- **What you are asked to do**:
The answer should be an exact repeat of the stretch of material below from the line containing "New 2025 Jeep" through the line containing "Sego Sambel Wonokromo Ayam".

--

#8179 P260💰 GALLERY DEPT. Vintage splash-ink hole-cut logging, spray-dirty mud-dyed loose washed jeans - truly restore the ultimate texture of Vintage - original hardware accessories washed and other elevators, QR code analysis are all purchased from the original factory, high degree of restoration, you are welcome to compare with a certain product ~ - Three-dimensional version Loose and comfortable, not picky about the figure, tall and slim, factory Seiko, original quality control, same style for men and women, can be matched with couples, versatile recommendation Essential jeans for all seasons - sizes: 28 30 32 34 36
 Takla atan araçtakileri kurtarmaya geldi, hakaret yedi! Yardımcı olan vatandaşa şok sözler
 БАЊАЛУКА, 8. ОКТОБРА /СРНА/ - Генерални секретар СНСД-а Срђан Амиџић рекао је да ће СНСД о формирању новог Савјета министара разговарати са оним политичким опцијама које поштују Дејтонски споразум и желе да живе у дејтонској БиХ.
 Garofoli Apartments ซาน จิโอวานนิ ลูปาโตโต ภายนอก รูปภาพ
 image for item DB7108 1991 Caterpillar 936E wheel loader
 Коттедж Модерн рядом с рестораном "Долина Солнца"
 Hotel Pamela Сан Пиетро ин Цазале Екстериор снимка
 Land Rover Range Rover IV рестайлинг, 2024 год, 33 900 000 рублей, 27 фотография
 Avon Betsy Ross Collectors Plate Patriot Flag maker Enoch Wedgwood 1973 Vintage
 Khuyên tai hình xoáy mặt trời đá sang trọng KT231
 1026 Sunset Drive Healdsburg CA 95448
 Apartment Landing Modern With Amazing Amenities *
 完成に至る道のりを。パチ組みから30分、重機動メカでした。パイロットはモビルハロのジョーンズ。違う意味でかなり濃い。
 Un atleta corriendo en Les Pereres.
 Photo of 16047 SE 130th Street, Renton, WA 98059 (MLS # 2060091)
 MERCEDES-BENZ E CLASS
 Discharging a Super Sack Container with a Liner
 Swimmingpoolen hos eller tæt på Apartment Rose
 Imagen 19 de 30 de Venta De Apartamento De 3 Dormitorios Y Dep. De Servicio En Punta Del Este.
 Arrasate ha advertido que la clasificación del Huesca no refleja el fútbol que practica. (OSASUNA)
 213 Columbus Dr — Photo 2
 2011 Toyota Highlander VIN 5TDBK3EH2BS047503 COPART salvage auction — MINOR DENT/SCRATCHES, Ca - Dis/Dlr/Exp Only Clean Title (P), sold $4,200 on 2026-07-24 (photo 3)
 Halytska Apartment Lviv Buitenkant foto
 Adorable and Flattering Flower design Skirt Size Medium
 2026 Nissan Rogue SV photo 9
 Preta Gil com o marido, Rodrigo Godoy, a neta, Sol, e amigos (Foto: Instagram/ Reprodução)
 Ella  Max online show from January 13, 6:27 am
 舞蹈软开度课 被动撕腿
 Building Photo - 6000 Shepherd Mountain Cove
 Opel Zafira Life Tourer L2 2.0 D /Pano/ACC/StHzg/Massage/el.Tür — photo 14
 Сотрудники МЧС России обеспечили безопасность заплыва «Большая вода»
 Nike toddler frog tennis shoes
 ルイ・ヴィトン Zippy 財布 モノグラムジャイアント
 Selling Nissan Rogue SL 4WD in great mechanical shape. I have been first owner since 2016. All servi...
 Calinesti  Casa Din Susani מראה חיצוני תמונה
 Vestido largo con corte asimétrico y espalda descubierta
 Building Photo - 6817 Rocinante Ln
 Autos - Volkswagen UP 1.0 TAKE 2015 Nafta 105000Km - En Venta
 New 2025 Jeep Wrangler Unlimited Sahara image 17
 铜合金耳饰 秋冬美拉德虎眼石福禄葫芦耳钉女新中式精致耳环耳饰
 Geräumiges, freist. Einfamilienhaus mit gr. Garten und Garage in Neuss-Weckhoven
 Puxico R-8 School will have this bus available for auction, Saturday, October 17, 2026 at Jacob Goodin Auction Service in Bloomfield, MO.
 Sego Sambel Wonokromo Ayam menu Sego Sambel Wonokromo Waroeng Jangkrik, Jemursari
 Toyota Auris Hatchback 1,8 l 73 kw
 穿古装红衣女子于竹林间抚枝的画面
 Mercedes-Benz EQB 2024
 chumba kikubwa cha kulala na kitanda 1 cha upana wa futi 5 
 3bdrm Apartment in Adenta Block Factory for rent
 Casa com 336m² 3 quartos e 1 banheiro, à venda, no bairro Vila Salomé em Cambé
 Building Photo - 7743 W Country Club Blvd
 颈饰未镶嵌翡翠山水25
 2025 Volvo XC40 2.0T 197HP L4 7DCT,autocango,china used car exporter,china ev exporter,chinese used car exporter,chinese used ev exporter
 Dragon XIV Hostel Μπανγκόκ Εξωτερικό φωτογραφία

--

- **Output**:
 New 2025 Jeep Wrangler Unlimited Sahara image 17
 铜合金耳饰 秋冬美拉德虎眼石福禄葫芦耳钉女新中式精致耳环耳饰
 Geräumiges, freist. Einfamilienhaus mit gr. Garten und Garage in Neuss-Weckhoven
 Puxico R-8 School will have this bus available for auction, Saturday, October 17, 2026 at Jacob Goodin Auction Service in Bloomfield, MO.
 Sego Sambel Wonokromo Ayam menu Sego Sambel Wonokromo Waroeng Jangkrik, Jemursari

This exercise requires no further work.